* [EXERCISE DIRECTIONS]:
Records follow. Print exactly the lines from the one that has "tarte shape tape" through the one that has "Vintage Jamaica Lion", inclusive, and omit the pictures.

(Beginning of EXERCISE INPUT)

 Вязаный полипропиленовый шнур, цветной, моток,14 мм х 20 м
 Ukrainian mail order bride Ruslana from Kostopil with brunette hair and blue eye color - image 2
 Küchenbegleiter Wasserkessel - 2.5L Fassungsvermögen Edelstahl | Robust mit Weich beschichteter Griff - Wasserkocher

(End of EXERCISE INPUT)
(Beginning of EXERCISE INPUT)

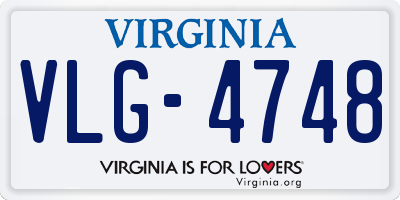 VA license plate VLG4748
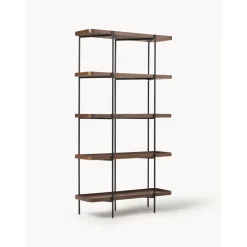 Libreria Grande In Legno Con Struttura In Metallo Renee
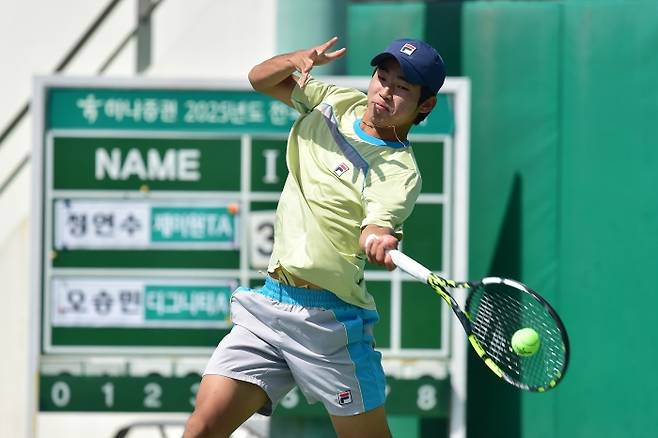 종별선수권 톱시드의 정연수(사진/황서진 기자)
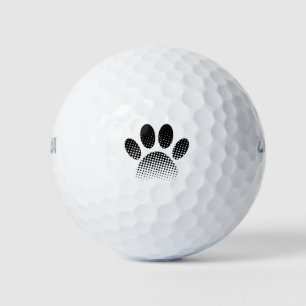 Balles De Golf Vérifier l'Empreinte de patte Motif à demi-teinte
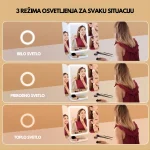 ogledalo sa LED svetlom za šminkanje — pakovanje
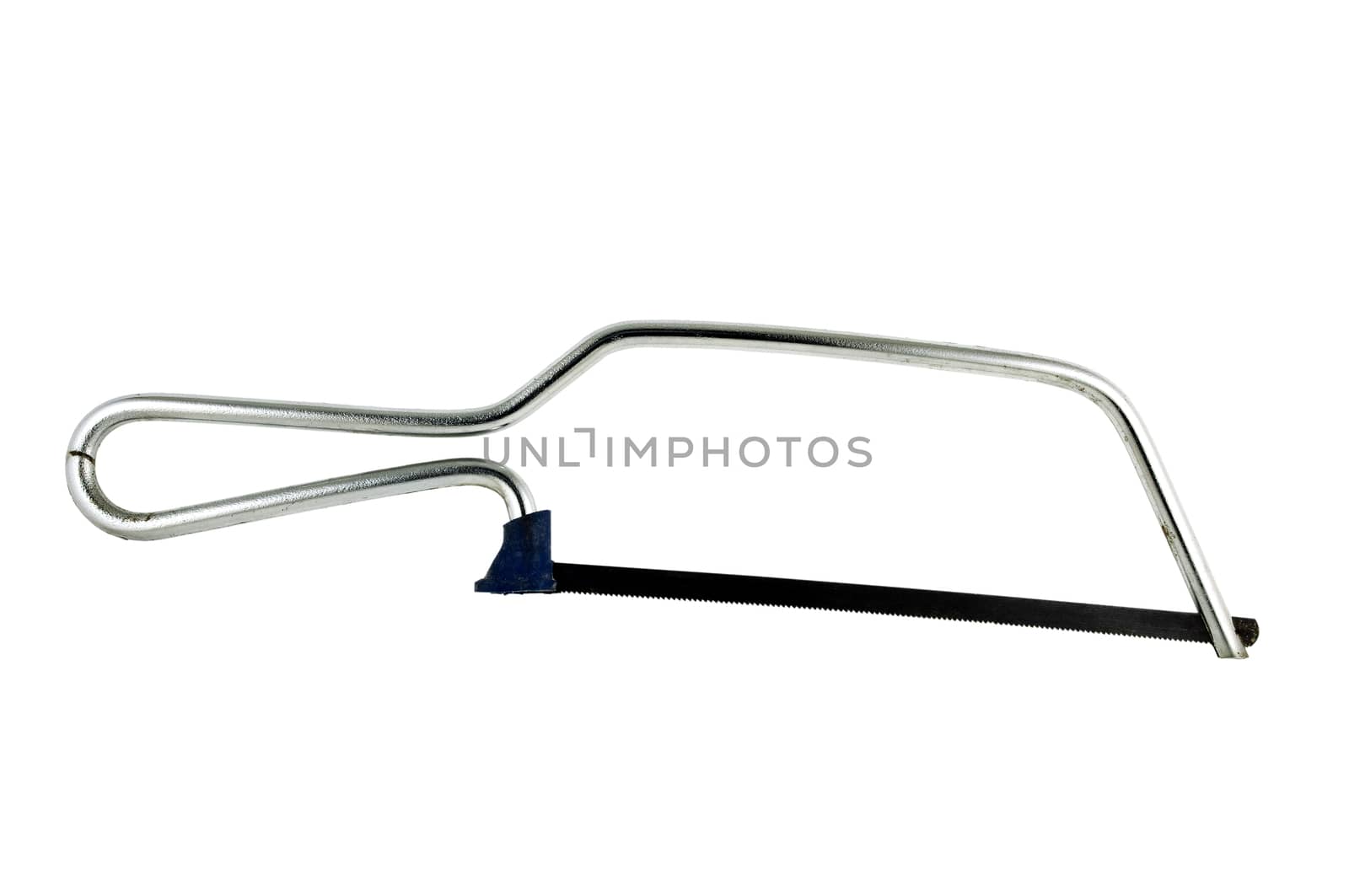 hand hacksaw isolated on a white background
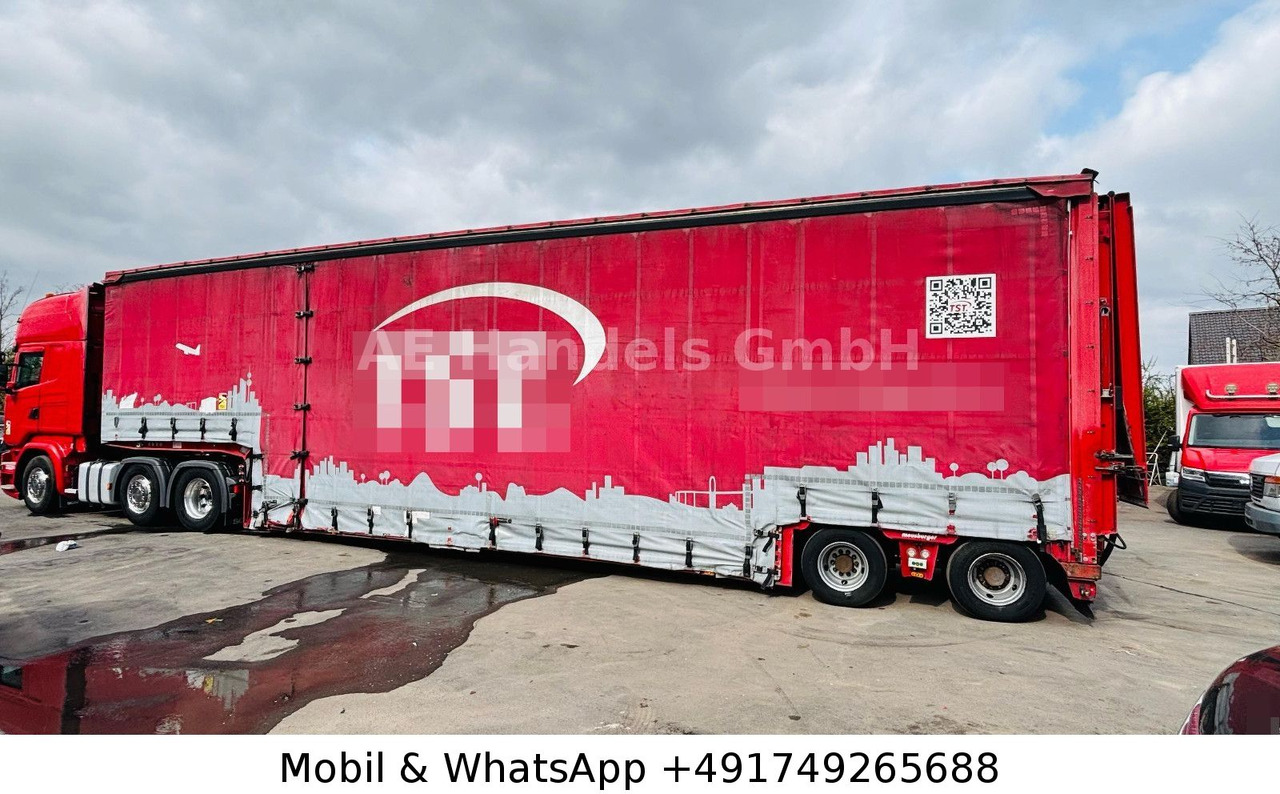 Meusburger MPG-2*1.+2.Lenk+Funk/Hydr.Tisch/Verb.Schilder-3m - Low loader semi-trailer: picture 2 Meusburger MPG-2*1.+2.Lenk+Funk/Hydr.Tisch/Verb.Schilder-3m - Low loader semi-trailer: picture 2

(End of EXERCISE INPUT)
(Beginning of EXERCISE INPUT)

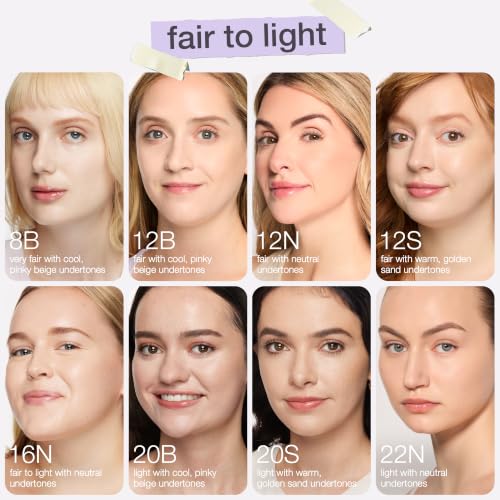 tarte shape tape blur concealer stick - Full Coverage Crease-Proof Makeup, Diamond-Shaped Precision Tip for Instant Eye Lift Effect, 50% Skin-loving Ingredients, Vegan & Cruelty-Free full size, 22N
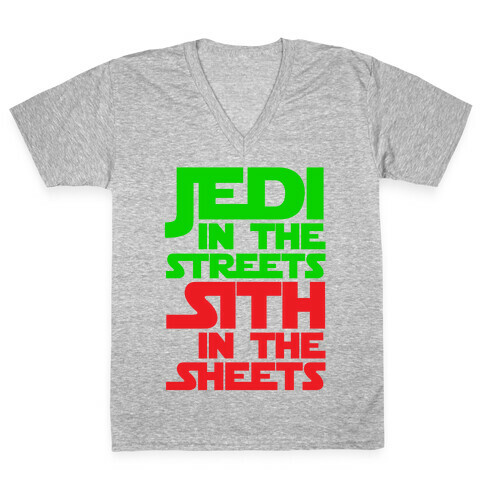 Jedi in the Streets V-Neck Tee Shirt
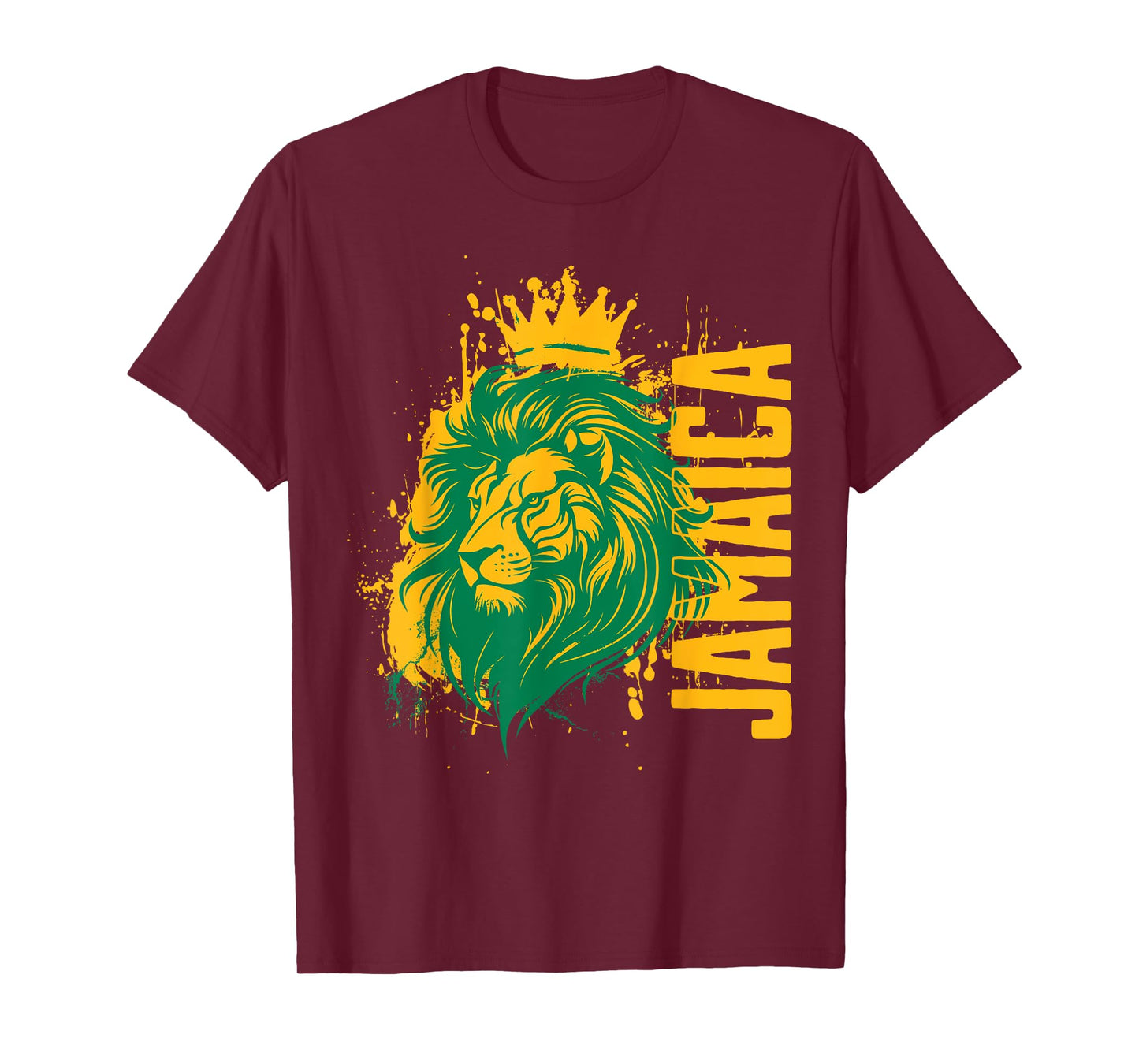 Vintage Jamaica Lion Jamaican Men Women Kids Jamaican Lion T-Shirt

(End of EXERCISE INPUT)

* [EXERCISE OUTPUT]:
 tarte shape tape blur concealer stick - Full Coverage Crease-Proof Makeup, Diamond-Shaped Precision Tip for Instant Eye Lift Effect, 50% Skin-loving Ingredients, Vegan & Cruelty-Free full size, 22N
 Jedi in the Streets V-Neck Tee Shirt
 Vintage Jamaica Lion Jamaican Men Women Kids Jamaican Lion T-Shirt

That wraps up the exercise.